● **EXERCISE GOAL**:
Scan the data for "with" and copy the lines it appears in.

╭─ SOURCE DATA

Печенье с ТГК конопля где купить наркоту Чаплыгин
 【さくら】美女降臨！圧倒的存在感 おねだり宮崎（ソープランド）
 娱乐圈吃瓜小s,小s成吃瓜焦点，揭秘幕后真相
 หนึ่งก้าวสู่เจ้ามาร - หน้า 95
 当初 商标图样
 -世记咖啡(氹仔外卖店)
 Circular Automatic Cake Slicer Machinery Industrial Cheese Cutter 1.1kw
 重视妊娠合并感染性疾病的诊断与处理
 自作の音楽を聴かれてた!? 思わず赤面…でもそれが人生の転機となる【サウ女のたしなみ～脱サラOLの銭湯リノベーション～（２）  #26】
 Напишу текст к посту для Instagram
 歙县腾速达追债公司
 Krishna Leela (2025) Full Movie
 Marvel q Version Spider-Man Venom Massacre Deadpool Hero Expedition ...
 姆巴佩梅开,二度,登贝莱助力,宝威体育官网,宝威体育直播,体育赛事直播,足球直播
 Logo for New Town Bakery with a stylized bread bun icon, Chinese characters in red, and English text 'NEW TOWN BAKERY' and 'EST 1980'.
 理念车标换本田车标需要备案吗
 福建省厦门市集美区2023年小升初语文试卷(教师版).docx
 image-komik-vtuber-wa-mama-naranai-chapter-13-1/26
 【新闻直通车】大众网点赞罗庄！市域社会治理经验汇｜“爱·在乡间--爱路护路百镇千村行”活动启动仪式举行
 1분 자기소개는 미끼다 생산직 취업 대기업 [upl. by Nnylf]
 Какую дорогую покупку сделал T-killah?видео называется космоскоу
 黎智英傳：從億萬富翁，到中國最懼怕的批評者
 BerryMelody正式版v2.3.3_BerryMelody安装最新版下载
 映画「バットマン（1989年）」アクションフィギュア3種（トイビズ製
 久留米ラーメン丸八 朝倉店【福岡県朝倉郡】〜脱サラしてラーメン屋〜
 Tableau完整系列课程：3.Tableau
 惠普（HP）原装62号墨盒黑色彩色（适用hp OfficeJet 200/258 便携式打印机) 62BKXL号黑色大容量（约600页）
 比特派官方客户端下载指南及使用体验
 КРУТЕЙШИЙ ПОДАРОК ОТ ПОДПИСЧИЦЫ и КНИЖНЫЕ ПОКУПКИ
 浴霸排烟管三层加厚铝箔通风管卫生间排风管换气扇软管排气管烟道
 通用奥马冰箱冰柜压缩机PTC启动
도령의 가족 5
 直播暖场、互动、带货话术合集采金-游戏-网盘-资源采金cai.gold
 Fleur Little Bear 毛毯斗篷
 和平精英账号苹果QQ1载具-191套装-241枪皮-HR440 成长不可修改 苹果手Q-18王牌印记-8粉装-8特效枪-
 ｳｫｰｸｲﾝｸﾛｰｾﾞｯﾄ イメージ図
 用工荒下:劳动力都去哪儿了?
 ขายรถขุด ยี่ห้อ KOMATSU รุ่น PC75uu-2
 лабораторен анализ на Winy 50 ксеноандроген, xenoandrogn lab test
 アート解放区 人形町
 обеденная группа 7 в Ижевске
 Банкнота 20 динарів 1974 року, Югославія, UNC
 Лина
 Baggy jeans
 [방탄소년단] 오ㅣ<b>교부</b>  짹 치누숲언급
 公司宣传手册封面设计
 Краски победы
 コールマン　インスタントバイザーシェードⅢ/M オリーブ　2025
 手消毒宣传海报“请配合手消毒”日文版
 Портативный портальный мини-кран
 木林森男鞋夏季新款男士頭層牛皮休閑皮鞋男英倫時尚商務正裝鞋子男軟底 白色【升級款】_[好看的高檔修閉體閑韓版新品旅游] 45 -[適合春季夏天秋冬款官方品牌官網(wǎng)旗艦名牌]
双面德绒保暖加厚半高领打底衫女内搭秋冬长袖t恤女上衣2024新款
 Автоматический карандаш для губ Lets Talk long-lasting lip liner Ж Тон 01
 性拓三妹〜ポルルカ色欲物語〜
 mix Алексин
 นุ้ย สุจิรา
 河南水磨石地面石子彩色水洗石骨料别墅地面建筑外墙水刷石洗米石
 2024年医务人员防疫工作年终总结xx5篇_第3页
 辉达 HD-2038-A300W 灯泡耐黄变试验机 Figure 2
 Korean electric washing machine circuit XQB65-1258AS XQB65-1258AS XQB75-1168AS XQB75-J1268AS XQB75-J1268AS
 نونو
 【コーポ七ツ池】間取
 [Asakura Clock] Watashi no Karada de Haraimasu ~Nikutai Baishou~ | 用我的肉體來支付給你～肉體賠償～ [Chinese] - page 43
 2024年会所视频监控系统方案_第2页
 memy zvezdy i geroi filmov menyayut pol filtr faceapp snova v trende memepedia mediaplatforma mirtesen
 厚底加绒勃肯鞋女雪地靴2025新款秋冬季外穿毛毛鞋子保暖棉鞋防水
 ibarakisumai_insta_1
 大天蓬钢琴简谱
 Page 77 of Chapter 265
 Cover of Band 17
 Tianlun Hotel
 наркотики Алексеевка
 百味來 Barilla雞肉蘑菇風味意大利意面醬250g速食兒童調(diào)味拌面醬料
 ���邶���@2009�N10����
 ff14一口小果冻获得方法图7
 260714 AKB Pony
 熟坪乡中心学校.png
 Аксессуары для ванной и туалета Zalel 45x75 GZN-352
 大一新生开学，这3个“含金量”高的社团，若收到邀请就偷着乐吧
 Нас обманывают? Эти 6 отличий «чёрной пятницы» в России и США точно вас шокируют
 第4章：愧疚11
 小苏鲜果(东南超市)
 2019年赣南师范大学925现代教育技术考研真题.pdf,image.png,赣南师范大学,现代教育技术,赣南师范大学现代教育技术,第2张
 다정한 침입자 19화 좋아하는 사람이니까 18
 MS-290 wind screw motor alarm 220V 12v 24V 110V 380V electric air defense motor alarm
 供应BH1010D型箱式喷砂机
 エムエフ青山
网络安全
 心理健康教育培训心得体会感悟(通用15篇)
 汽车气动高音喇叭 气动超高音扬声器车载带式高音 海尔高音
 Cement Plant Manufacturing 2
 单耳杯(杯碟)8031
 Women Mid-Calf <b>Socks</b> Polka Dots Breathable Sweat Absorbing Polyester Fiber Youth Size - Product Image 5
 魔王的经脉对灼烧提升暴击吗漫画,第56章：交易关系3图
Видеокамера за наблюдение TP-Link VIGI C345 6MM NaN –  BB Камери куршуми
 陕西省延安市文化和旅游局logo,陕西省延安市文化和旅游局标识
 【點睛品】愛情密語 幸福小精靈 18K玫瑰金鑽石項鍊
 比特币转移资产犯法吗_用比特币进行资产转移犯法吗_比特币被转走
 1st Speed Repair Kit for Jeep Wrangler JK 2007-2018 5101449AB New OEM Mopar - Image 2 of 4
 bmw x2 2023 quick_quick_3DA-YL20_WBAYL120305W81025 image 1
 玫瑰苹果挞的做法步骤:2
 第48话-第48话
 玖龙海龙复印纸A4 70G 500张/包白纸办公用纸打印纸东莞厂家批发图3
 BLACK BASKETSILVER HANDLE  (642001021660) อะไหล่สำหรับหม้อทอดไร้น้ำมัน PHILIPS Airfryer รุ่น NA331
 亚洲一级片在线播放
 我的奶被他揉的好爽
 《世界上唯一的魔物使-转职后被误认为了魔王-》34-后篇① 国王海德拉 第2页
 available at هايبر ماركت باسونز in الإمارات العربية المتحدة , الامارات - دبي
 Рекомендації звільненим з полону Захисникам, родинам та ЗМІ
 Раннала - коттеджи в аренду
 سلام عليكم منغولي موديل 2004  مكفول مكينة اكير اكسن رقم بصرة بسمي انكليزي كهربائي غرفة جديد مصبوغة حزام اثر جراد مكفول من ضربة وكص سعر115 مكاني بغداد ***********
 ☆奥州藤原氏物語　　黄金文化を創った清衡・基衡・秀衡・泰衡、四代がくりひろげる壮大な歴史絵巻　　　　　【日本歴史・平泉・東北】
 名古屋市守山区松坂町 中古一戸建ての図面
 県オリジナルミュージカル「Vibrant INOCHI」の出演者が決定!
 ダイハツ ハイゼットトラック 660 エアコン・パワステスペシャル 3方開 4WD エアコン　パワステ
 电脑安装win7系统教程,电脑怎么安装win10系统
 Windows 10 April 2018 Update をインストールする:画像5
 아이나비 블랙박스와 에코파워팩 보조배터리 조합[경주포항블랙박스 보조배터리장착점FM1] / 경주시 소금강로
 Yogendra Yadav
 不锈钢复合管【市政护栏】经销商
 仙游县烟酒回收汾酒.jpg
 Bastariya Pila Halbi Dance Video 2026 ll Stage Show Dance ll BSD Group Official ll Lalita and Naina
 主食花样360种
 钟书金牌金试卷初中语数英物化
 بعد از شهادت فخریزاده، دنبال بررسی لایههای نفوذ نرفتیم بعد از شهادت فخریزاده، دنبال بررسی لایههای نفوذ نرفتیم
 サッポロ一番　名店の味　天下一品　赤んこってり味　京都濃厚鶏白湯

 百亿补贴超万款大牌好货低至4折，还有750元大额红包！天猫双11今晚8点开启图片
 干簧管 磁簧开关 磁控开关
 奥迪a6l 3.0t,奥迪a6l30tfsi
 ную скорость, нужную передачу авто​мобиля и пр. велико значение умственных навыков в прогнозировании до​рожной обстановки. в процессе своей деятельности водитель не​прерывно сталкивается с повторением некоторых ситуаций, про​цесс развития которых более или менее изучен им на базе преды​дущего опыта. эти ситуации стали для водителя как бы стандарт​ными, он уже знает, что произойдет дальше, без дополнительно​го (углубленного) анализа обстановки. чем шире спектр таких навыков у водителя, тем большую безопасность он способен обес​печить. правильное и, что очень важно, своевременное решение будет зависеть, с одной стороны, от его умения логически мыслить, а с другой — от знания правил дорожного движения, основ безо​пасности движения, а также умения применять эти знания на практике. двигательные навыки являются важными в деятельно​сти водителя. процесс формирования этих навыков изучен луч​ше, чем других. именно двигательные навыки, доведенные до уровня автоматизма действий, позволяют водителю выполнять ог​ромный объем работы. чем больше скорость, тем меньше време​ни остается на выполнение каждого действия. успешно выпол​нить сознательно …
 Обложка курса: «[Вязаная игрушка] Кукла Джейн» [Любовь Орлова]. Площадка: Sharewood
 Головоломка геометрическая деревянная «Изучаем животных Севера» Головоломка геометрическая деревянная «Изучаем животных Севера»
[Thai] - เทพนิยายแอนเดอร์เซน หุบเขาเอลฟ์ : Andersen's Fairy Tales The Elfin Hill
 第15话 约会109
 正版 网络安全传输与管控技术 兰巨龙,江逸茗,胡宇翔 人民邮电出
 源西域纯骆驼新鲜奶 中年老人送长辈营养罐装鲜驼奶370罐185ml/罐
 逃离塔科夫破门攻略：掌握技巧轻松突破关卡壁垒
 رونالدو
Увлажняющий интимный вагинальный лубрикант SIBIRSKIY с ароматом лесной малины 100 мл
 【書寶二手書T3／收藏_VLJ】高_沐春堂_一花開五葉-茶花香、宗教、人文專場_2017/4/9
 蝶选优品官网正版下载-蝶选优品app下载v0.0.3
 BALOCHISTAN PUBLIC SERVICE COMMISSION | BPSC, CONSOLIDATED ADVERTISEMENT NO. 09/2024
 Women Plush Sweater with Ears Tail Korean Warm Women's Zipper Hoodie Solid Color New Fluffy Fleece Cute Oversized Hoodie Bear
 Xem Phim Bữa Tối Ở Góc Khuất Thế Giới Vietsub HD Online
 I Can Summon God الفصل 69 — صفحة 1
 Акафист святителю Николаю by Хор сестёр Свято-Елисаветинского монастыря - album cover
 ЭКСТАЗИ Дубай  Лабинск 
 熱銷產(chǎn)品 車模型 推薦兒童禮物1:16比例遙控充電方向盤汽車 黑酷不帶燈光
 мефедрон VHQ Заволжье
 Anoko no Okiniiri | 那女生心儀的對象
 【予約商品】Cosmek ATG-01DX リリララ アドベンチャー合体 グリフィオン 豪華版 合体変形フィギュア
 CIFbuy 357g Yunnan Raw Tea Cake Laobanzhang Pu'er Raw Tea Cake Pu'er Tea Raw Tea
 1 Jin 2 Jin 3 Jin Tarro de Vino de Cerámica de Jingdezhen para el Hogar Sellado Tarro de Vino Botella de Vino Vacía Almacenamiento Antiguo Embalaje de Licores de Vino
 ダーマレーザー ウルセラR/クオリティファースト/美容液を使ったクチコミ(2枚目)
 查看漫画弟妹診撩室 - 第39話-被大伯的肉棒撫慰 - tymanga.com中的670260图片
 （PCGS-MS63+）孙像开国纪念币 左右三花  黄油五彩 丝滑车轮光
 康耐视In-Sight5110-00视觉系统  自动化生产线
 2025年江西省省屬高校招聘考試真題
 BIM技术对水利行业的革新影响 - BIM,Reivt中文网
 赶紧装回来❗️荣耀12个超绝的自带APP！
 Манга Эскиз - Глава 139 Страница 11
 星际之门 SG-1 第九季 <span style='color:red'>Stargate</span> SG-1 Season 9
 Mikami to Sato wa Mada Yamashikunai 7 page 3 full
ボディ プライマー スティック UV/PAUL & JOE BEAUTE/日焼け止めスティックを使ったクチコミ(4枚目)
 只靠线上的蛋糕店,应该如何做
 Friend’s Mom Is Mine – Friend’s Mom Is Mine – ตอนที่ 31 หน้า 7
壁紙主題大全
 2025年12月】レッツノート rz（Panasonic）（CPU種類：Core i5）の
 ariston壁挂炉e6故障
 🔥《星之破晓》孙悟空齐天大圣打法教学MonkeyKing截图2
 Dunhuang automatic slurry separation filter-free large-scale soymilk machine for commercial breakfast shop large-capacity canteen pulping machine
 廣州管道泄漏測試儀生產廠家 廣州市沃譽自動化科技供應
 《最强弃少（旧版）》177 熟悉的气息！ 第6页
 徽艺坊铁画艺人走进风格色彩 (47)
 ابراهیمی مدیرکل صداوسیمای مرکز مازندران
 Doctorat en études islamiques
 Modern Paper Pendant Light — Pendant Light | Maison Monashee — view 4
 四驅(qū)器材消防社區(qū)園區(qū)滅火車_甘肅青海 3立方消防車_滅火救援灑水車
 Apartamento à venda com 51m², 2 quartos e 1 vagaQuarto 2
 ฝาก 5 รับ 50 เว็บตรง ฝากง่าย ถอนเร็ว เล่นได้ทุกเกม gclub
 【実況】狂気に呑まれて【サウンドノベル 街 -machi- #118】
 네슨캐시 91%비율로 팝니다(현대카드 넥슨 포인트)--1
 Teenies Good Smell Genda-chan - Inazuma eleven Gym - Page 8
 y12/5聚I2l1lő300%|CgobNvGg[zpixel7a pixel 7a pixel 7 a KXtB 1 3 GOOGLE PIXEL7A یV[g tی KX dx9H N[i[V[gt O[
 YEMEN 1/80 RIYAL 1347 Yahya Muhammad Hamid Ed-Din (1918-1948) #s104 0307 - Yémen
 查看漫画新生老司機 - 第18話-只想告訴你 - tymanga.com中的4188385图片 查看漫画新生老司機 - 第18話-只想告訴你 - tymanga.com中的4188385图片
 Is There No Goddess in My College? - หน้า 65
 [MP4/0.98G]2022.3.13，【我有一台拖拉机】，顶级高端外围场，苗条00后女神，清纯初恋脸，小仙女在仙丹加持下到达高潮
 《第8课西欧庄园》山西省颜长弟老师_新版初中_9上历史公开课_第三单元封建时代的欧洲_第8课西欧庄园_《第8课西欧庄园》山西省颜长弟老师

╰─

● **REPLY TO THE TASK**:
 Logo for New Town Bakery with a stylized bread bun icon, Chinese characters in red, and English text 'NEW TOWN BAKERY' and 'EST 1980'.
 Women Plush Sweater with Ears Tail Korean Warm Women's Zipper Hoodie Solid Color New Fluffy Fleece Cute Oversized Hoodie Bear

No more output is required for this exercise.